> _WORK REQUIRED_:
When you copy the listing, skip the images and return each line verbatim.

> _COLLECTED MATERIAL_:
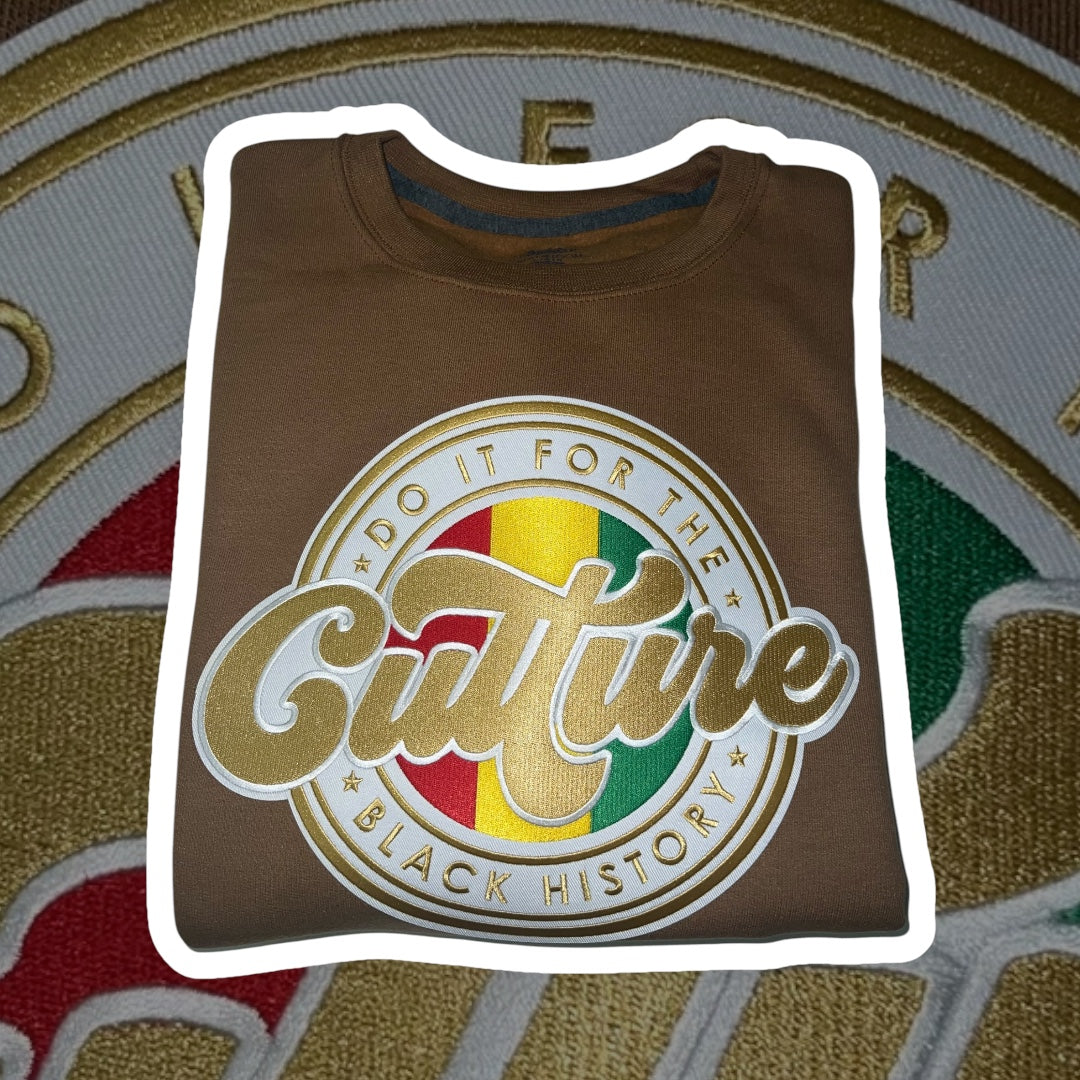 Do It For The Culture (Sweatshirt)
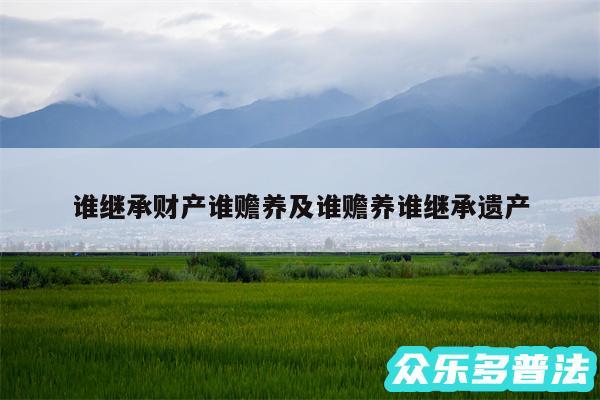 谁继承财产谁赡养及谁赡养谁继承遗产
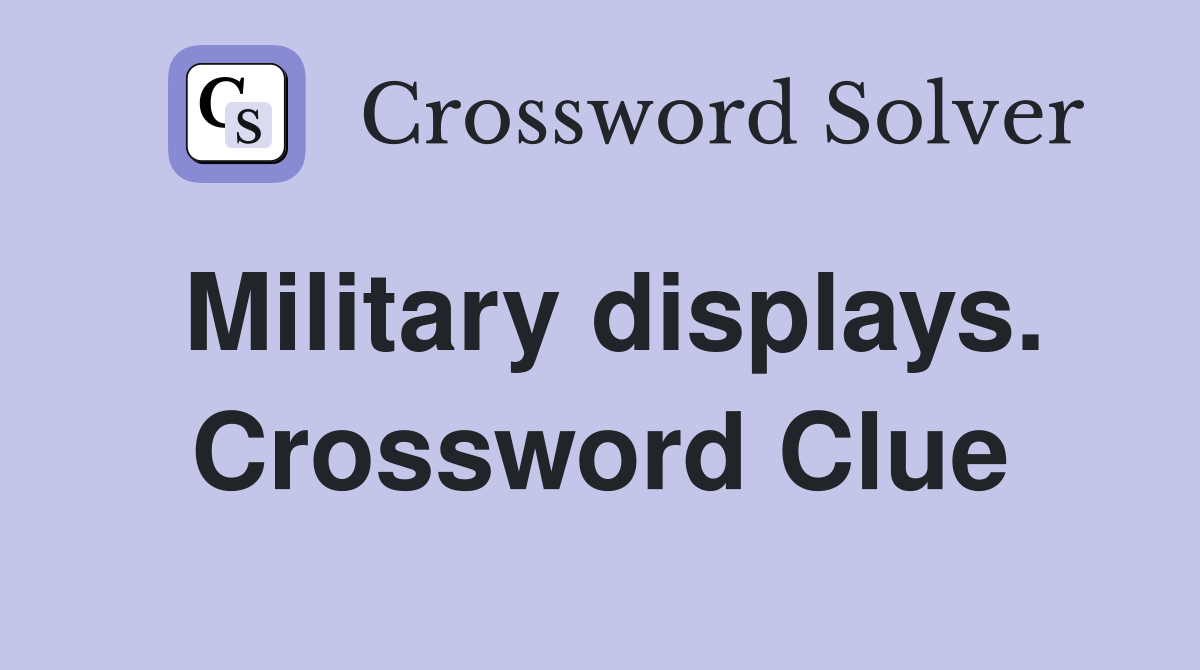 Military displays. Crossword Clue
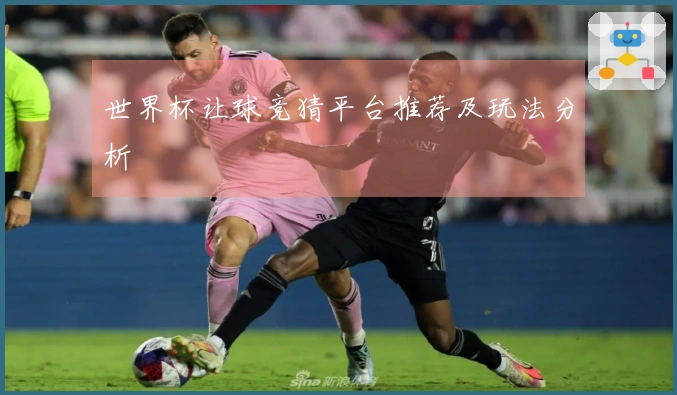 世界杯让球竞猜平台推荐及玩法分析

> _WRITTEN REPLY_:
 Do It For The Culture (Sweatshirt)
 谁继承财产谁赡养及谁赡养谁继承遗产
 Military displays. Crossword Clue
 世界杯让球竞猜平台推荐及玩法分析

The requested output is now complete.